This painting will be auctioned at The Art-Full Raffle on Saturday, May 18, sponsored by the Arts Commission of Danville and Boyle County. I live in Danville. This event raises funds for the McKune Scholarships, which make it possible for kids in our county to study the arts close to home. Tom McKune believed that everyone deserved a great education, and that the creativity of kids should be nurtured by good instruction. I was lucky to know him as a friend, and as a colleague at Centre College. Tom had high ideals and was always focused on helping others. It is an honor to give this work in support of the scholarships named for him.
I made this small oil painting in 2005, from direct observation, working by natural light in my Main Street studio. It is painted on a wooden panel, 7-1/2 inches high, and was done as a study for a larger still-life painting, titled Spiral. In the larger painting, the lemon’s peel is cut open in a spiral, thus the title. That work, now in a private collection in Danville, is visible at my website: http://www.sheldontapley.com/?image=spiral.

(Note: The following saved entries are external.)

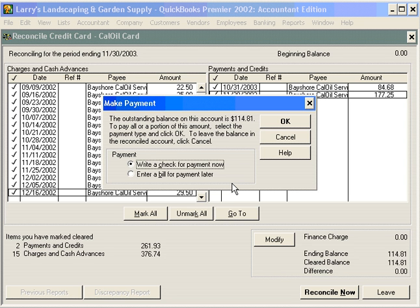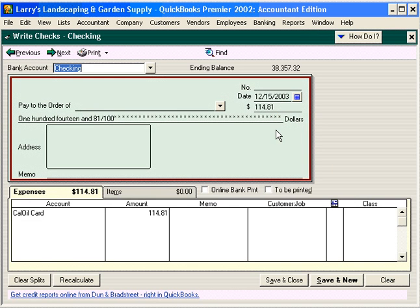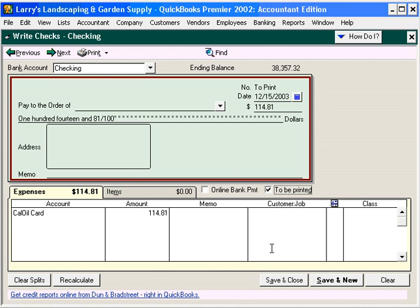Now QuickBooks processes a payment for the credit card and gives us two choices: we can write a check now, or enter a bill for payment later. Let's write a check for the payment now. Click OK, and QuickBooks fills out a check for us for the amount due. We're going to click on the To Be Printed box, because we're going to run this check with other checks we'll print later. Then we click Save and Close.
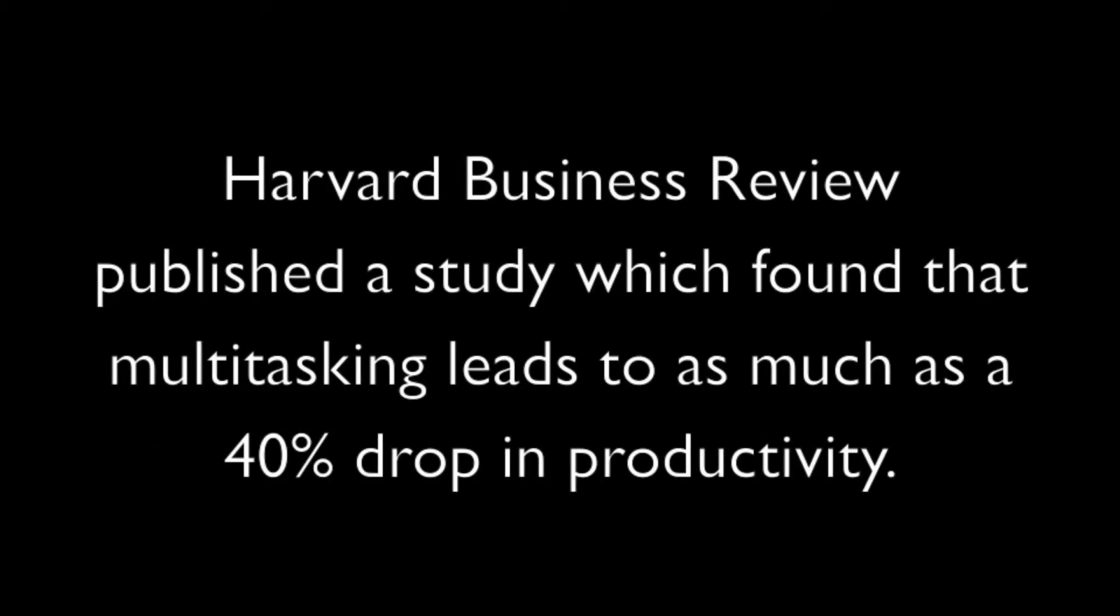Harvard Business Review published a study which found that multitasking leads to as much as a 40% drop in productivity.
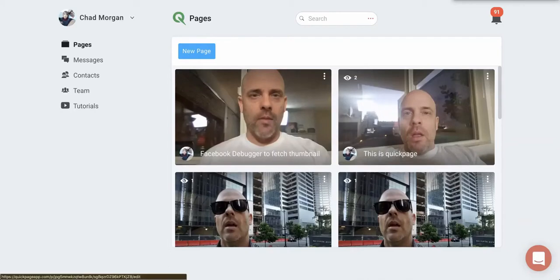Hello guys, Chad here. What's happening? So I want to give you guys a little hack to assure that your thumbnail will show up on Facebook and in Messenger.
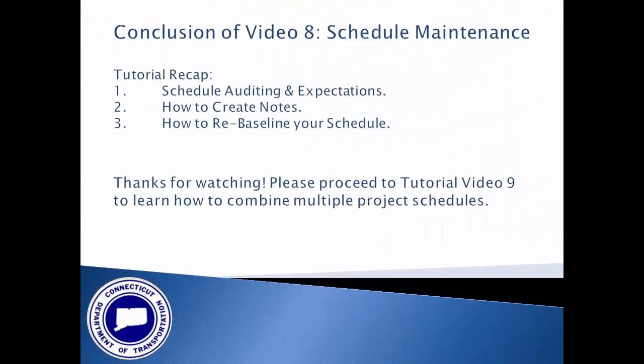This concludes tutorial number 8. Hopefully you now have a better idea of the maintenance expectations, how to create notes, and also how and when to re-baseline your schedule. Please proceed to tutorial video 9 to learn how to combine multiple project schedules.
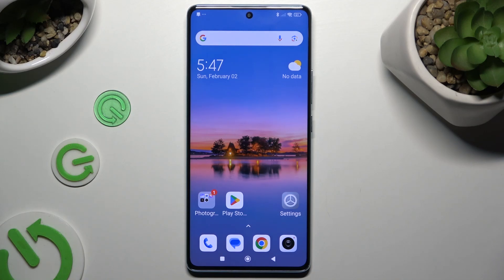In front of me is Redmi Note 14 Pro and today I would like to show you how you can add audio or video file to a text message.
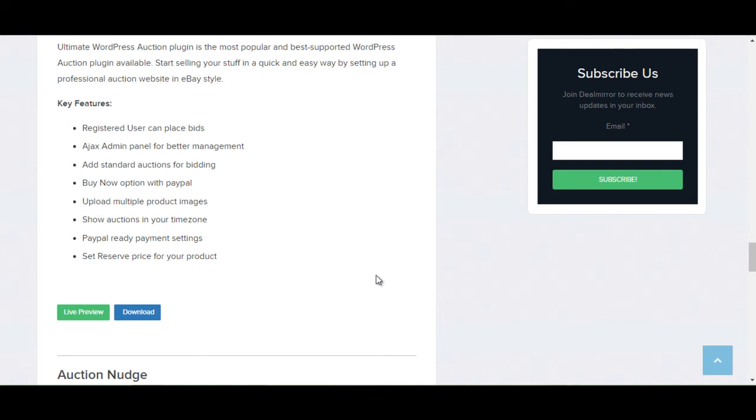The key features are: Registered users can place bids, Ajax admin panel for better management, add a standard auction for bidding, buy now option with PayPal, upload multiple product images, show auctions in your time zone, PayPal ready payment setting, set reserve price for your product.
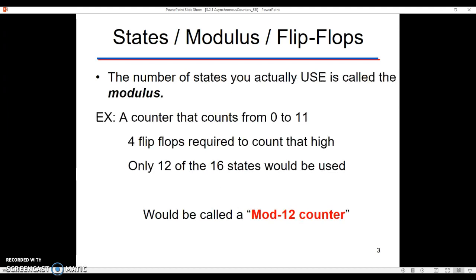Now, modulus means if we want to only use a certain number of those states. So, for example, instead of counting all the way up to 15, maybe I only want to count up to 11. If I wanted to only use those states, this is where we start to use the word modulus. So a counter that counts from 0 to 11 would require 4 flip-flops in order to go that high because 3 flip-flops can only get up to the number 7. Out of those 16 states that you would have available for 4 flip-flops, you would want to use 1 through 11, and then 0 would be the 12 states. So of those 12 states, we would call that a mod 12 counter. That's just vocab.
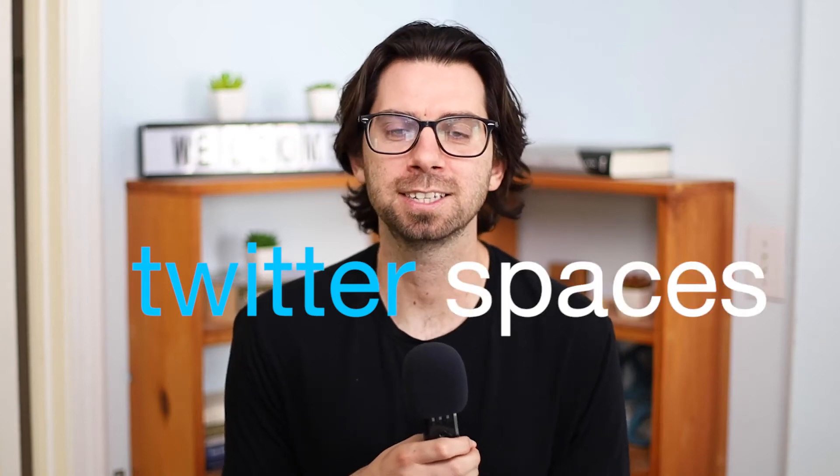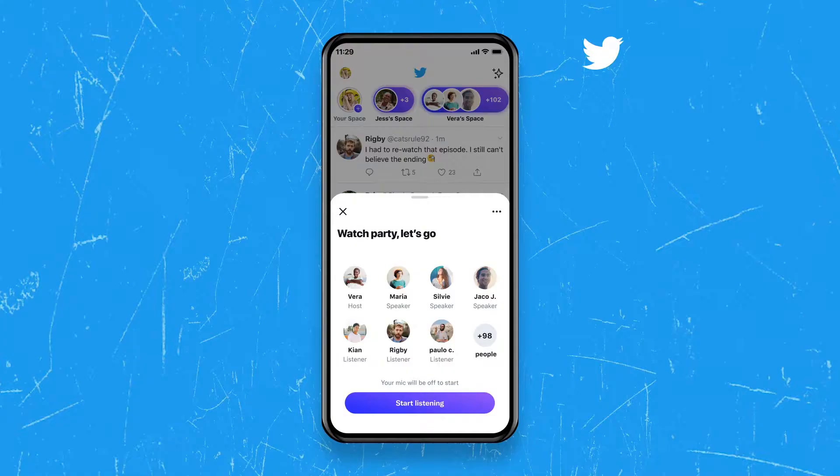Twitter Spaces. This is a really cool feature that Twitter just released a couple months ago and I'm going to show you how to do one. Hello everyone, my name is Nick and welcome back to Getting Social with Nick. For today's video we're going to be going over Twitter Spaces.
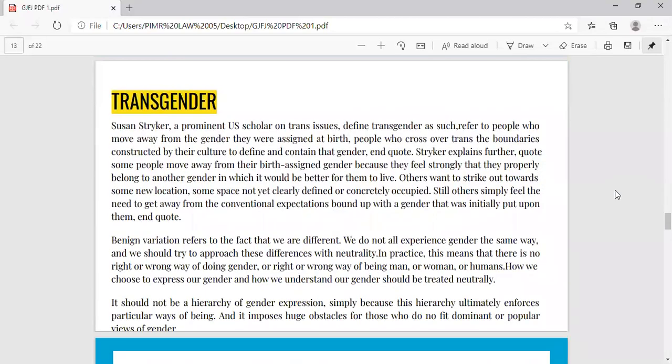Coming to another important category — transgender. Suzanne Stryker, a prominent US scholar on trans issues, defines transgender as referring to people who move away from the gender that they were assigned at birth — people who cross over, trans, the boundaries constructed by their culture to define and contain that gender. Basically, it is an umbrella term used to refer to people who move away from their birth-assigned gender.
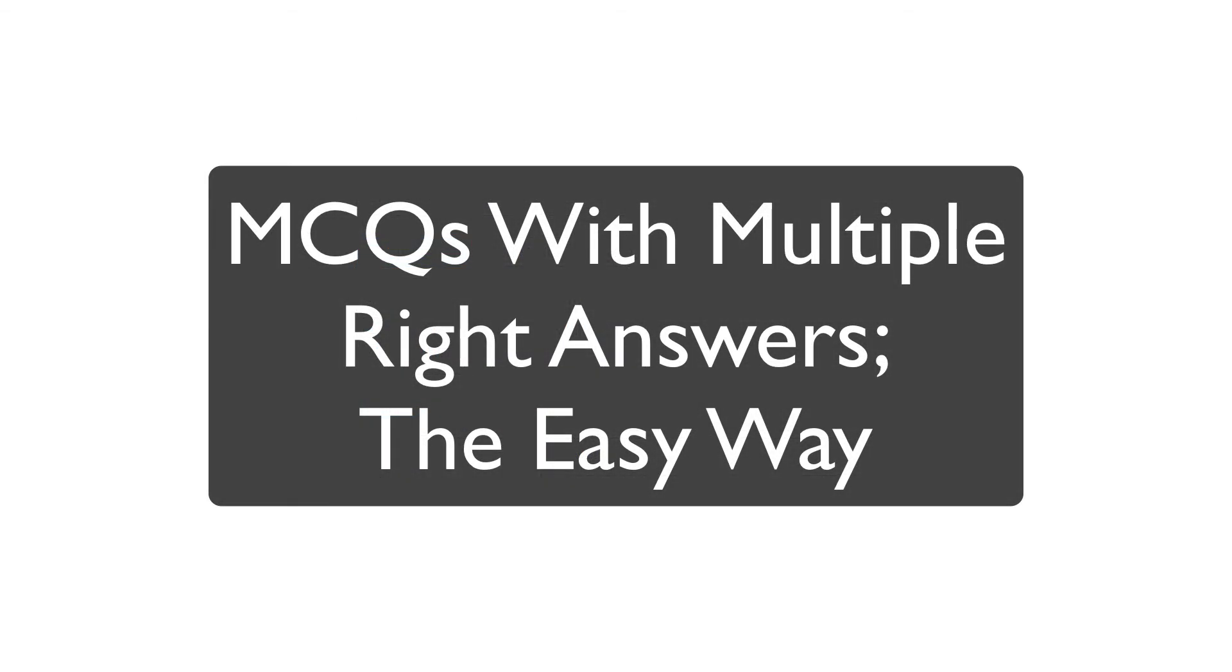And that's how you make multiple choice questions with more than one right answer. The easy way.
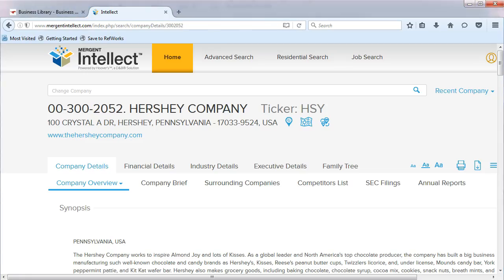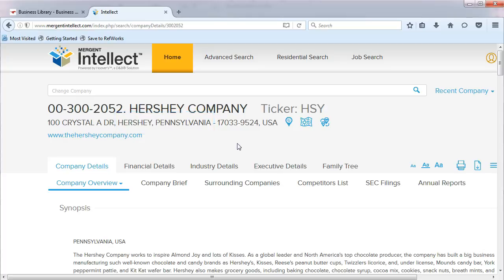As long as you have chosen the parent company, below the name of the company you will see the location of the company headquarters. Directly to the right of the company name, if your company is a public company, you will see the word ticker with the company's ticker symbol. In our case, H-S-Y.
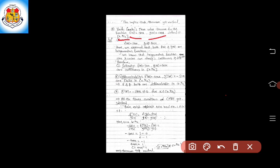We observe that both f(x) and g(x) are trigonometric functions. We know that the trigonometric functions sin and cosine are always continuous and differentiable. Therefore, to check the conditions of Cauchy's Mean Value Theorem, the first condition is continuity, and since sin and cosine are always continuous and differentiable, we write the continuity and differentiability conditions.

Oil sketches like this are an aid in planning a larger work. Their simplicity allows assessment of an idea without the distraction of detail. The small size and rapid execution permits relatively easy changes in color or design, or even outright rejection in favor of another try, on another panel. This one was it. Not only did it serve as a preparatory study, but I liked it so much that it remained in view on my studio wall. When the opportunity arose to support the Arts Commission with a gift, it seemed to me someone else might enjoy it, too.
The brilliant red cloth that covers the table provides the dominant color in the picture. I have painted it many times. The cloth lies in a rumpled mass, with heavy folds pushed up between a blue glass pitcher and a turquoise plate. The cool colors of the plate and pitcher stand out against the red, and the lemon provides another point of color contrast against the plate. The small table is seen from above. It sits askew in the composition and in the room, with its corner just touching the studio wall, onto which it casts a soft shadow. The composition is built around diagonal movements, reaching a climax in the middle, where the folds remind us of the action that must have created this still-life.